Find which data to keep and process depending where your attendees come from, you will understand this way which data you need to protect. You will have to understand how the data is transferred from one system or server to another, how your editor secures data collected. In case you are storing data on a US-based cloud platform you need to be sure to set up a control system and ask for new mentions on the contract.
Implementing these changes will require a lot of time and effort. Take the time to explain to your colleagues the importance of this regulation and make the necessary preparations to avoid not being ready for May 25, 2018, which could have large consequences. In fact, the penalty is a 20 million euro fine or 4% of the total turnover of your company (the largest amount being retained).
Want to send invitations mails?
Don’t miss out our templates!
What is its impact on the world of events?
Companies that use data that is bought and that they didn’t collect on their own will not be allowed to do so with people residing in the EU. So companies in the event industry will have to play on the social aspects to collect new data. This new regulation will therefore bring more relationship management into the world of events. Consent will become mandatory; it will be necessary to create a relationship of trust with participants to have their consent. Currently, large companies should be in the process of preparing as they have a lot more data and this data can be older.

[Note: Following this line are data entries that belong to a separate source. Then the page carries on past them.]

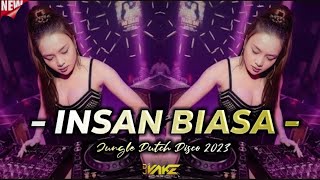 DJ INSAN BIASA REMIX JUNGLE DUTCH 2023 FULL BASS TERBARU@DjVake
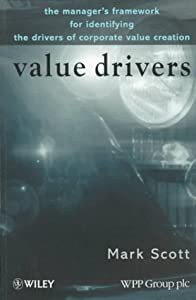 Value Drivers: The Manager's Guide for Driving Corporate Value Creation(中古品)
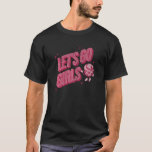 Låt oss Go Girls Hat Cowgirl Bachelorette Party T Shirt<br><div class="desc">Låt oss Go Girls Hat Cowgirl Bachelorette Party</div>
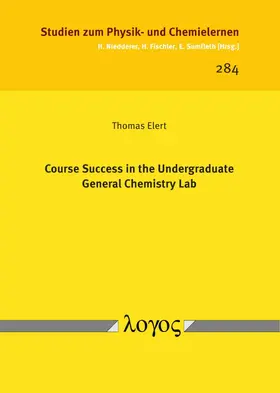 Elert |  Course Success in the Undergraduate General Chemistry Lab | Buch |  Sack Fachmedien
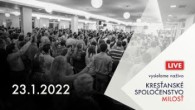 Kresťanské spoločenstvo Milosť / Bohoslužba Banská Bystrica 23.1.2022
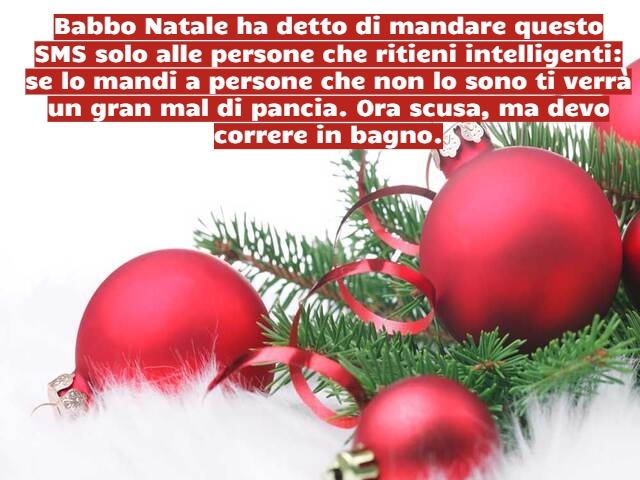 Babbo Natale ha detto di mandare questo SMS solo alle persone che ritieni intelligenti: se lo mandi a persone che non lo sono ti verrà un gran mal di pancia. Ora scusa, ma devo correre in bagno.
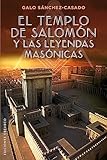 El Templo de Salomón y las leyendas masónicas (Spanish Edition)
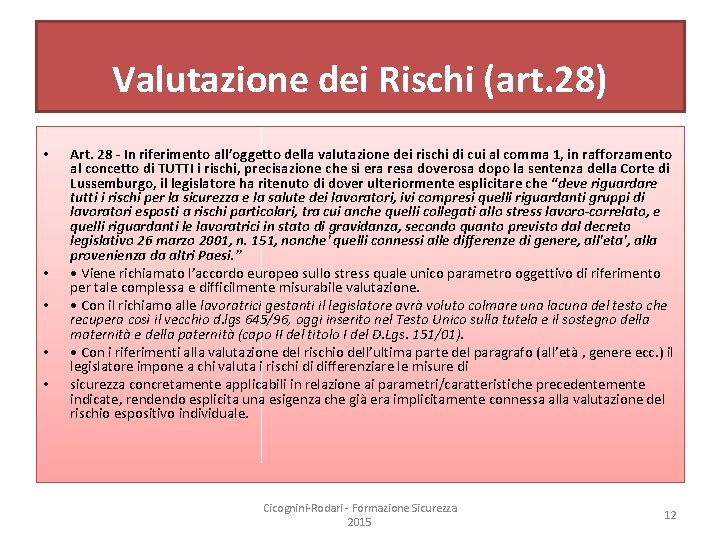 Valutazione dei Rischi (art. 28) • • • Art. 28 - In riferimento all’oggetto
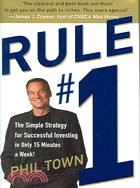 Rule #1: The Simple Strategy for Getting Rich--in Only 15 Minutes a Week!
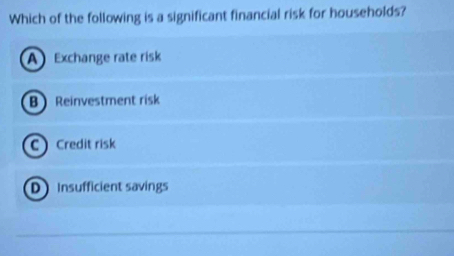 Which of the following is a significant financial risk for households?
A Exchange rate risk
B Reinvestment risk
C Credit risk
D Insufficient savings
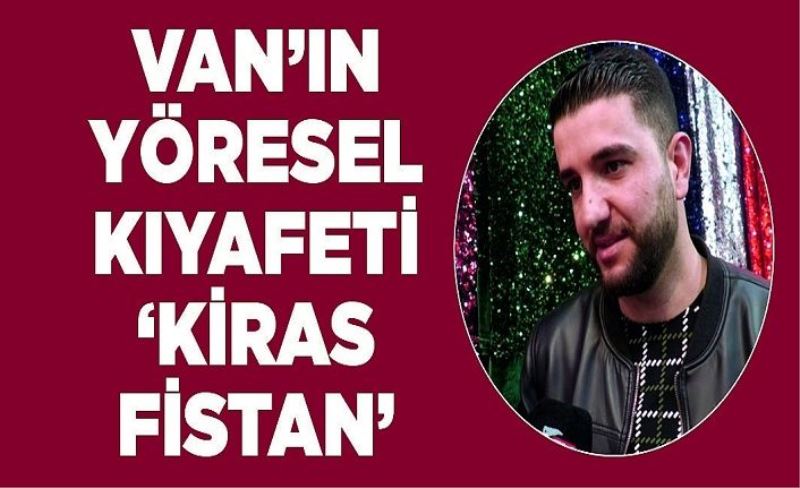 Van’ın yöresel kıyafeti ‘kiras fistan’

The GDPR will definitely prevent some companies from buying and trading with others. The event industry will really have to reconsider how it goes about collecting and will need to treat the data as if the data was a person. Relationship management will grow in importance than ever before in the event sector.
It’s time for event professionals to take control of their data management systems, protect it, in order to ensure participants are not targeted without consent as they are to be used daily.
This regulation is a major change for event marketers. In the future, any data collection, they will need to specify why they are collecting the data and how they are using it and storing it.
Most importantly, event professionals will not need to collect data they will not use. More importantly, consent will need to be given no matter what happens. If companies want to share lists, they’ll have to gain consent from all the contacts by explaining the purpose and usage of the data simply and clearly.
Important questions to ask your publisher/suppliers/ agency?
- Does each service/software respect the Personal data protection regulation?
- What personal data do you collect?
- What purpose does the personal data serve?
- Where this data is stored?
- Is this data protected and encrypted?
- Does the contract or the general terms of sale commit the supplier/publisher to respect the regulation on the protection of personal data?
- Are the listings you send to suppliers well protected and encrypted?
- Who is responsible to ensure the smooth running and processing of this data?
- What is the relationship between agencies and providers when it comes to data transfer?
In conclusion, the GDPR will surely shutdown certain companies as will no longer be permitted to sell data but it is an opportunity to change things and we are finally coming to a point where our data will not just be treated like 0’s and 1’s but, will hold a value. It will be treated as people. It’s all about treating people like you would want to be treated.